> TO DO
Reproduce verbatim the lines of the material below, starting at the line with "Outdoor knife with" and ending at the line with "Damascus blade and", both inclusive; skip the rest.

> EXERCISE INPUT
※

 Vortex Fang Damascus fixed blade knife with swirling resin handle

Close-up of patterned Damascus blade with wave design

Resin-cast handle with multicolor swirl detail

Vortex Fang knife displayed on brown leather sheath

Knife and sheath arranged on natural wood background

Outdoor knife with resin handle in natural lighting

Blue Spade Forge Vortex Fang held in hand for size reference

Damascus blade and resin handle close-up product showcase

※

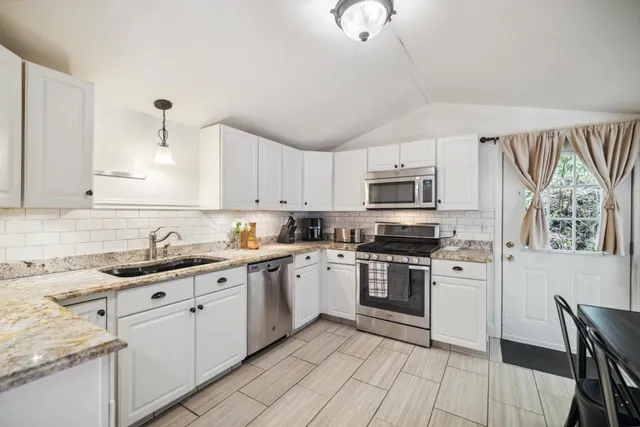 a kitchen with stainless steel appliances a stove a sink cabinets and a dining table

※

> TASK OUTPUT
Outdoor knife with resin handle in natural lighting

Blue Spade Forge Vortex Fang held in hand for size reference

Damascus blade and resin handle close-up product showcase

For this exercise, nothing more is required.